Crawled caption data
···
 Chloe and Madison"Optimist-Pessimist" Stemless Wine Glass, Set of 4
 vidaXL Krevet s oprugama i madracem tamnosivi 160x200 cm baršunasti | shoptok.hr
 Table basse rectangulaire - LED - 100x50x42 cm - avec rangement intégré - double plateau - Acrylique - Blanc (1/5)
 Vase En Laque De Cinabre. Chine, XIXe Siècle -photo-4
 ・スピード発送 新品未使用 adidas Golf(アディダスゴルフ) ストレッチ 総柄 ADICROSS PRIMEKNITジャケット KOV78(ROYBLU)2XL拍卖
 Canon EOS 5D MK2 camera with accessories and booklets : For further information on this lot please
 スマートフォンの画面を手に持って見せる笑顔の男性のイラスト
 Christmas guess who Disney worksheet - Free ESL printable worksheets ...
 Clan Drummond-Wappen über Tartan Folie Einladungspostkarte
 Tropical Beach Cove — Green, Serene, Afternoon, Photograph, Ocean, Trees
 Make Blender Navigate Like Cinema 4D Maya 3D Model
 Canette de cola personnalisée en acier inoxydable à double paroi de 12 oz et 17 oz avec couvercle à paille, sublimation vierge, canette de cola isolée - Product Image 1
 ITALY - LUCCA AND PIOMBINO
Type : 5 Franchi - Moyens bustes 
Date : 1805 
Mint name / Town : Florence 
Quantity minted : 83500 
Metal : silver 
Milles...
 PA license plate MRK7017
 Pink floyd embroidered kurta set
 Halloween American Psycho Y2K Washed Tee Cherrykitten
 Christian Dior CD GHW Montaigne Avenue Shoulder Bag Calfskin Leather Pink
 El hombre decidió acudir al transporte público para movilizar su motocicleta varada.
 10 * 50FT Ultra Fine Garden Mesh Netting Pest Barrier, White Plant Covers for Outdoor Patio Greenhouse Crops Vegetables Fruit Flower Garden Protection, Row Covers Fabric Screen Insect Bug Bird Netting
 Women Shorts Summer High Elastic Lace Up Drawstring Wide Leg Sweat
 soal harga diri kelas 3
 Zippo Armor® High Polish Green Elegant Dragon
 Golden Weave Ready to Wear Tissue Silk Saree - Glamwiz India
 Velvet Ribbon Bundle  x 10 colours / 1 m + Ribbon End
···
# [EXERCISE]
Among the records above, only the lines between the line holding "スマートフォンの画面を手に持って見せる笑顔の男性のイラスト" and the line holding "Make Blender Navigate", inclusive, are to be output, exactly as written.

# [FINAL ANSWER]
 スマートフォンの画面を手に持って見せる笑顔の男性のイラスト
 Christmas guess who Disney worksheet - Free ESL printable worksheets ...
 Clan Drummond-Wappen über Tartan Folie Einladungspostkarte
 Tropical Beach Cove — Green, Serene, Afternoon, Photograph, Ocean, Trees
 Make Blender Navigate Like Cinema 4D Maya 3D Model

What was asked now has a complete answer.